Keep pots on the back burner. Teach teens to use the back burners on the stove and make a habit of turning pot handles inward on the stovetop and away from the edge of the stove.
Establish a 3-foot safety zone. Keep items that burn, such as dishtowels, paper or plastic bags, and curtains at least 3 feet away from the range top so they won't catch fire. Do not hang them on the handle of the stove.
Mind the microwave. Always use hot pads to carefully remove hot items from the microwave or oven. Do not allow preteens to use a microwave until they are tall enough to reach in it safely. Stir microwave-prepared food to prevent hot spots. Know that hot liquids and steam can cause serious scalding burns. Water heated to 150 degrees can cause a third-degree burn in just two seconds.
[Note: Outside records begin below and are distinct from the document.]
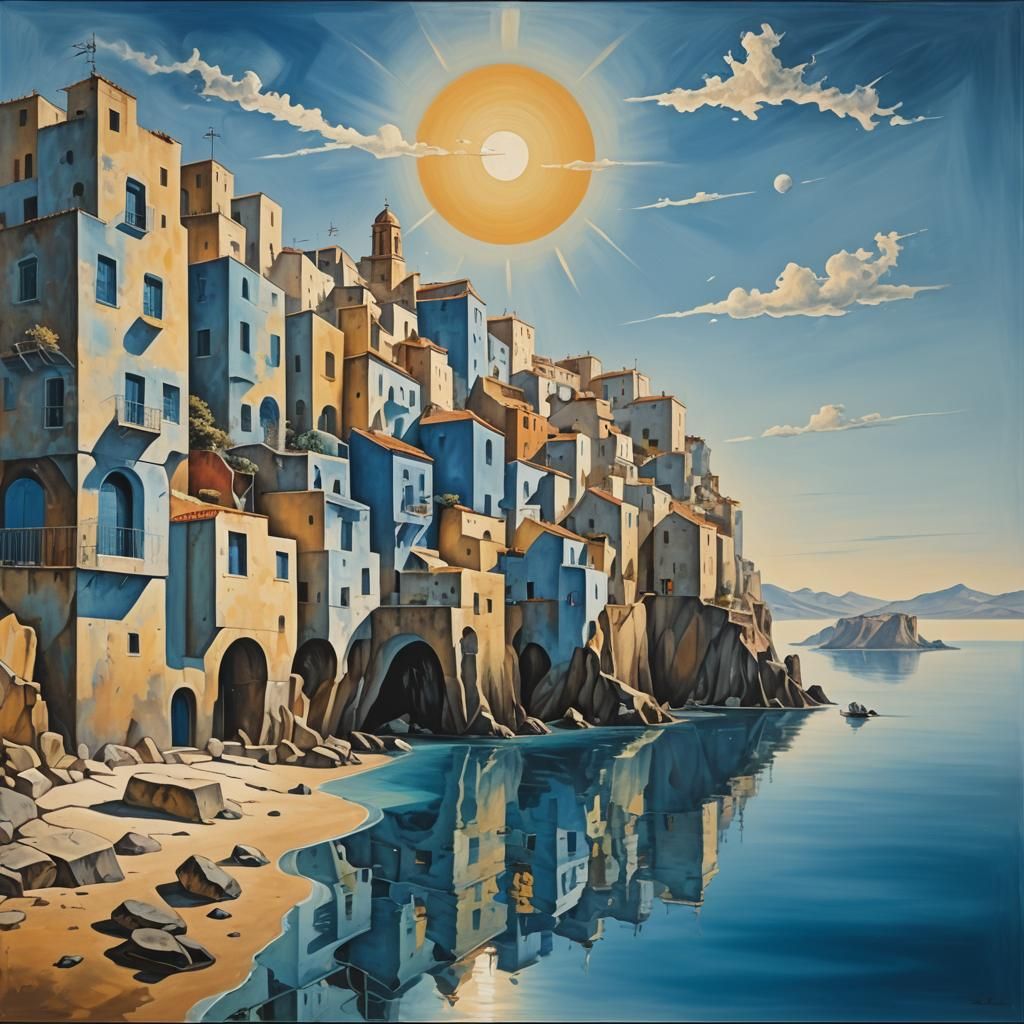 Surreal Mediterranean Village Reflection in Dali Style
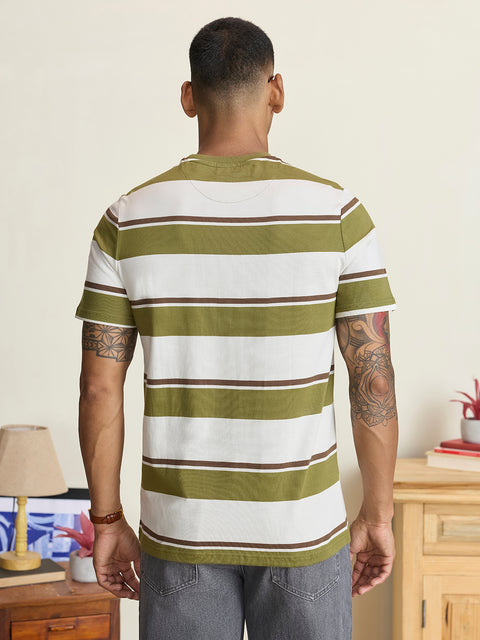 Round Neck Single Jersey Striped T-Shirt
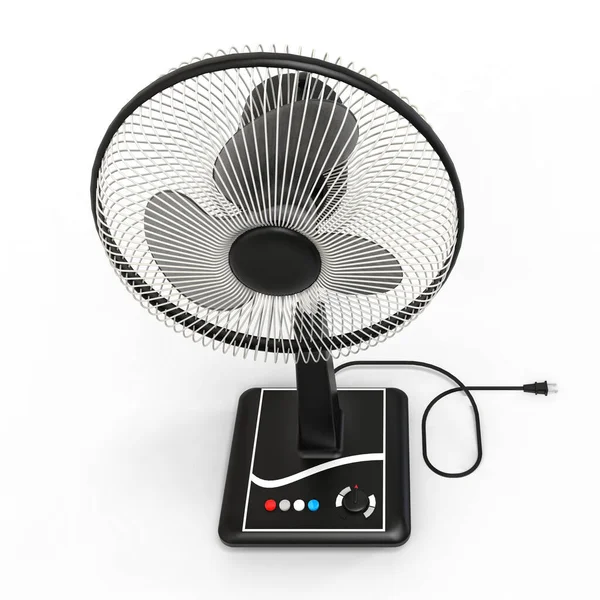 Ventilatore elettrico nero. Modello tridimensionale su sfondo bianco. Ventilatore con pulsanti di controllo sul supporto. Un semplice dispositivo per la ventilazione dell'aria. Illustrazione 3d. — Foto Stock
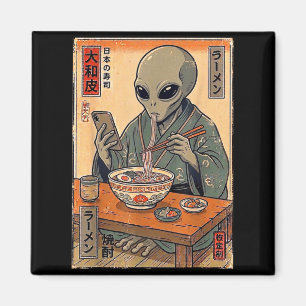 Lustiger Außerirdischer isst Ramen Retro japanisch Magnet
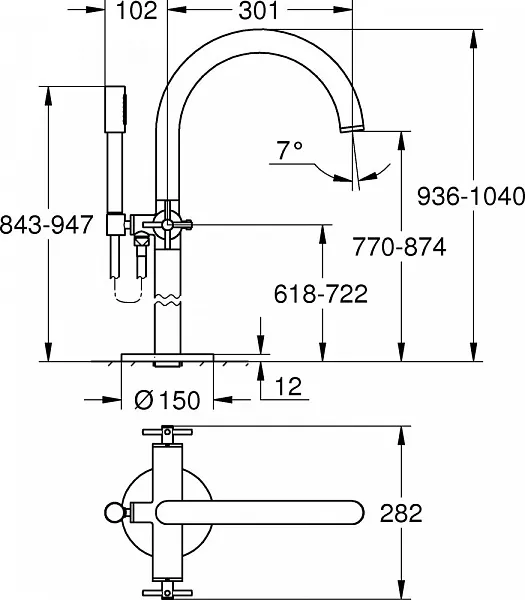 Смеситель Grohe Atrio New 25044DA3 для ванны с душем напольный фото 2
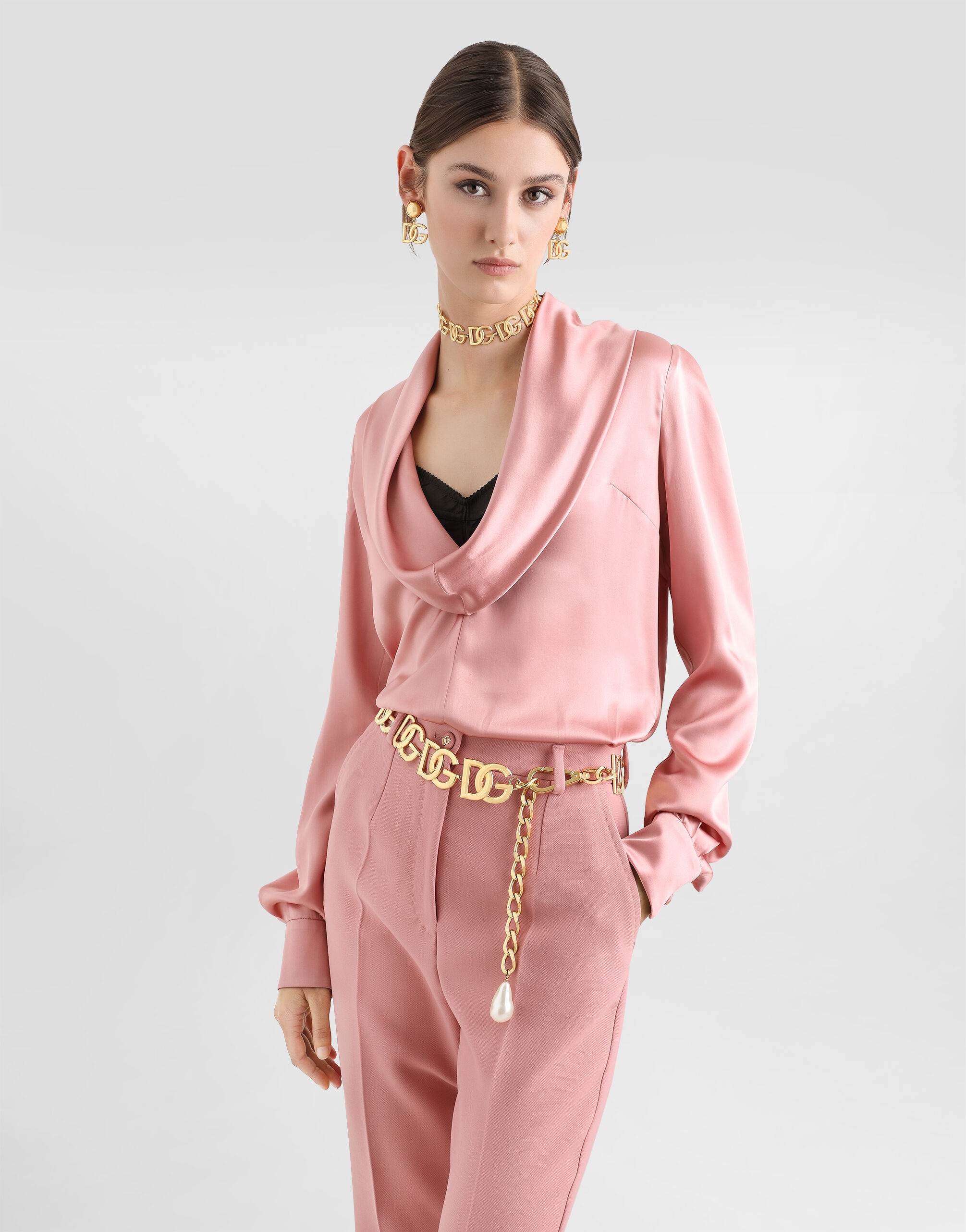 Silk satin blouse with shawl neck - 4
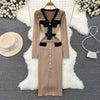 Women Elegant Butterfly Long Sleeve Bodycon V Neck Split Dress Vintage French Slim Knit Tight Vestido Autumn Winter Sweater Robe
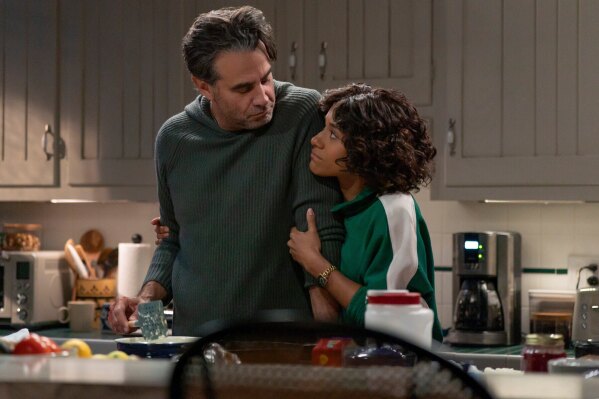 This image released by Prime shows Bobby Cannavale, left, and Ariana DeBose in a scene from "Scarpetta." (Connie Chornuk/Prime via AP)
Eat at the table or on a hard surface. While it may be tempting for kids to eat their dinner on the couch in front of the TV, make it a rule to eat at the table or on a hard surface. A surprising number of burns are caused when people spill hot food while trying to balance it on their lap.
Check your home for safety. Install smoke alarms on every floor of the home, including one near the kitchen, and test them regularly. Teach teens never to disable a smoke alarm. Keep a fire extinguisher in the kitchen and make sure everyone in the family knows how to use it. Have a family fire plan and review and practice it at least twice a year.